Pages

Friday, September 7, 2012

Organics! We don't need no stinking organics...unless we do.


Crop duster working overhead in California as farm workers pick produce
Well, the jury is out. Stanford University just published a study saying that the literature “lacks strong evidence” that organic foods are more nutritious than conventional. Some of you are probably kicking yourself for trading your child for that precious locally grown, organic tomato you bought last week at Whole Paycheck.  
While conventional farmers are doing the “Told-You-So” dance and bobo moms weep for their not-above-average children, is there still a reason to eat organic despite the study? Yes there is and it has everything to do with health. Despite the title of several headlines across major newspapers,[1] organic food is better for you, and dare I say it, healthier for you. And here’s why[2].

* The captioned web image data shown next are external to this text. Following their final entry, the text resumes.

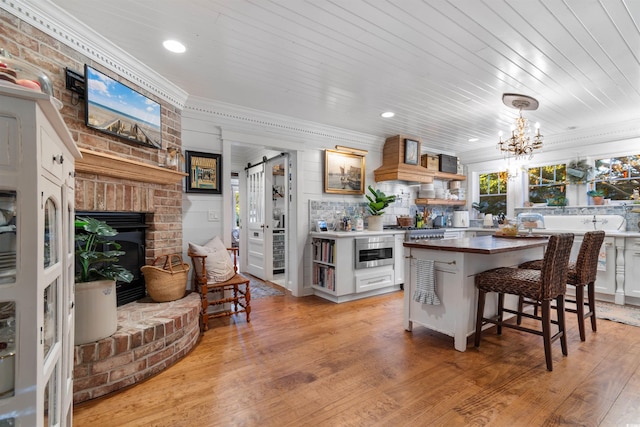 309 Sunset Trl, Myrtle Beach, SC 29577 - kitchen with open shelves, light wood-style flooring, a chandelier, a kitchen bar, and ornamental molding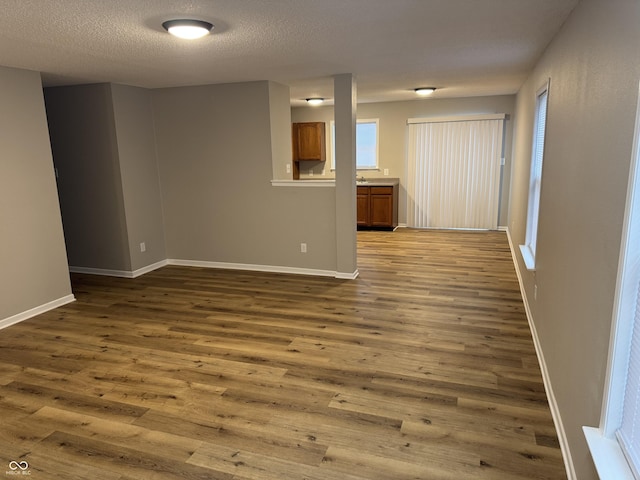 interior space with hardwood / wood-style floors and a textured ceiling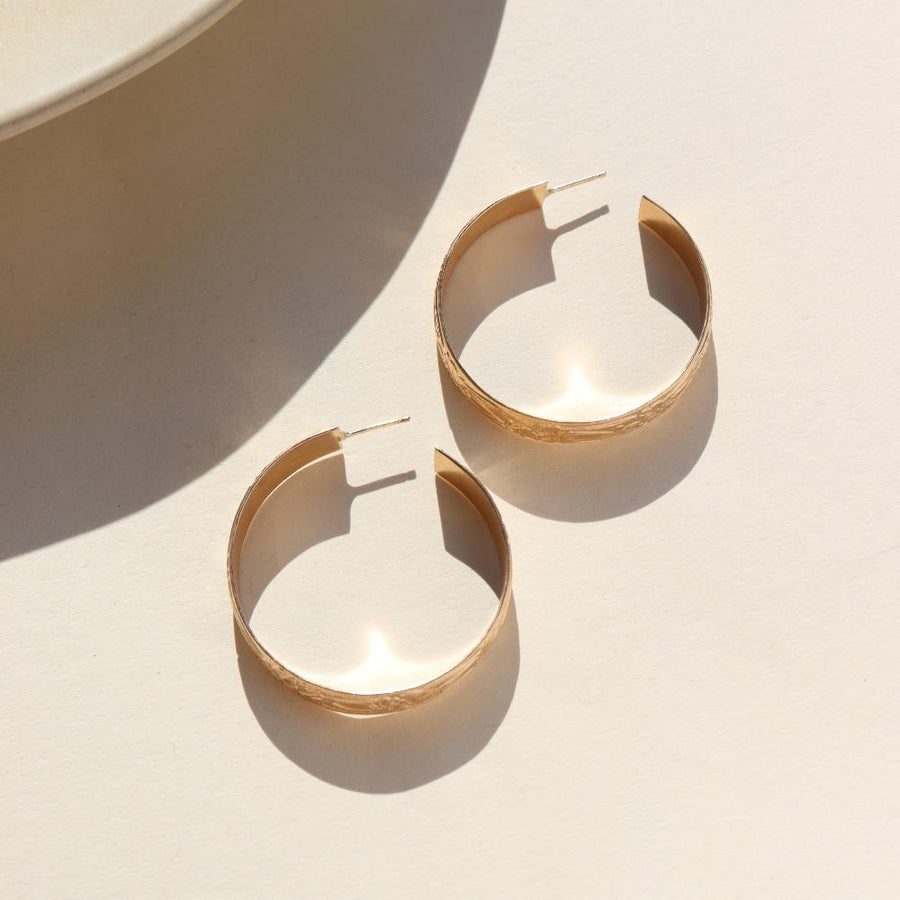 14k gold fill Florence hoops laid on a white plate in the sunlight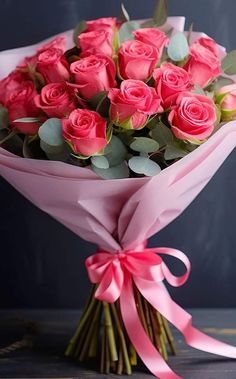 a bouquet of pink roses with green leaves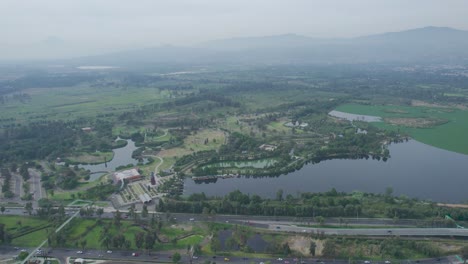 Dolly-Inn-Con-Jib-Abajo-Sobre-La-Carretera-Con-Acercamiento-A-Un-área-Natural-Y-Un-Lago-En-Xochimilco,-Ciudad-De-México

1.Pesticides. According to the study, the researchers found that 38% of the food study had pesticide residues. This is in comparison to 7% found in organic produce. The researchers had basically poo-poohed the effects of pesticides because all pesticides levels were below the mark of what is accepted by Environmental Protection Agency (EPA). But what the researchers did miss was the long-term effects of pesticides. The longest term study was two years. Most cancers and other associated diseases with pesticide exposure take much longer than 2 years to manifest.[3] And if you have kids, you should be especially worried. Because pesticides affect children more adversely than adults due to body weight, their even exposure that is under EPA levels for adults could be threatening for children.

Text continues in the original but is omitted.